ABOUT THIS EXERCISE: Pictures do not belong in your copy. Repeat all the other data exactly.

Start of INPUT DATA

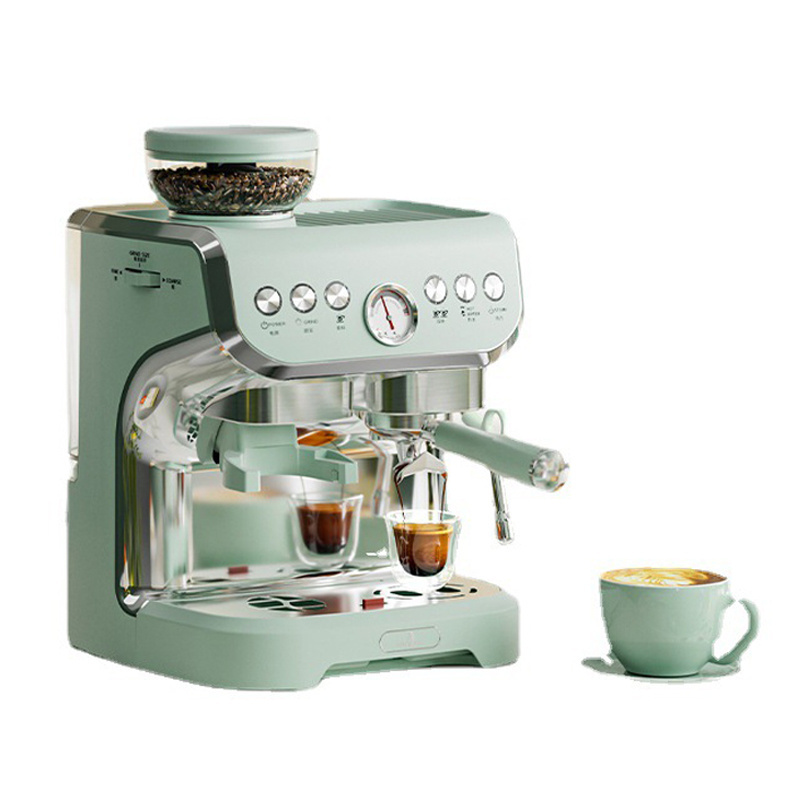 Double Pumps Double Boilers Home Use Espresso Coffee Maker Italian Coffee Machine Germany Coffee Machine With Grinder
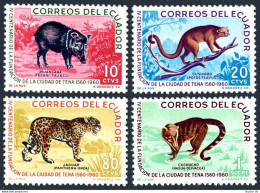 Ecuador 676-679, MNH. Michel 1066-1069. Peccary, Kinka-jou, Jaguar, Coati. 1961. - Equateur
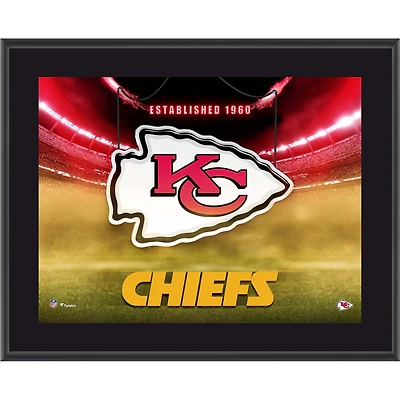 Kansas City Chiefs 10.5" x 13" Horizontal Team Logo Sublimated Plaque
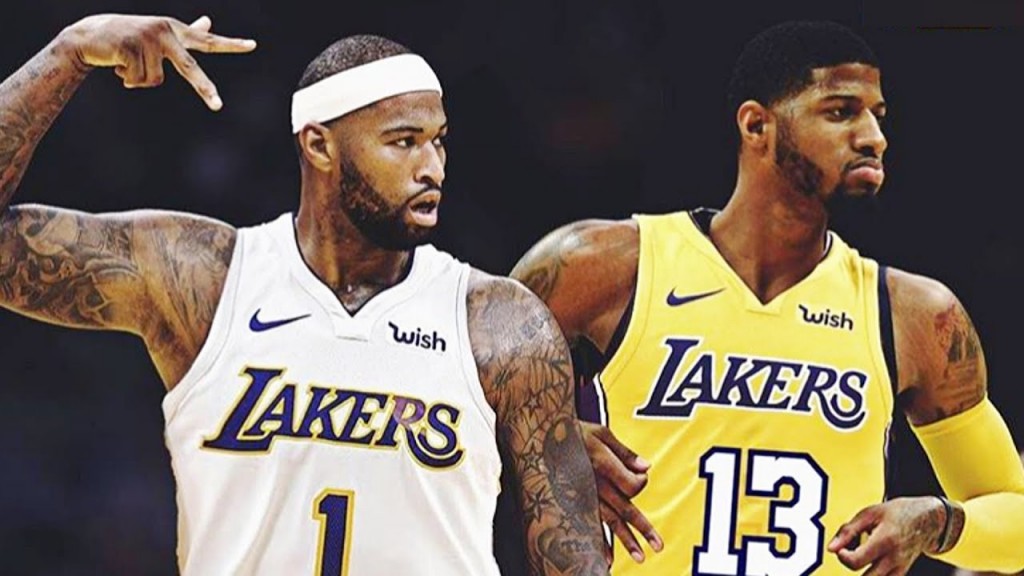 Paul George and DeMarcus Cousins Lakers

End of INPUT DATA

EXERCISE RESULT:
 Double Pumps Double Boilers Home Use Espresso Coffee Maker Italian Coffee Machine Germany Coffee Machine With Grinder
 Ecuador 676-679, MNH. Michel 1066-1069. Peccary, Kinka-jou, Jaguar, Coati. 1961. - Equateur
 Kansas City Chiefs 10.5" x 13" Horizontal Team Logo Sublimated Plaque
 Paul George and DeMarcus Cousins Lakers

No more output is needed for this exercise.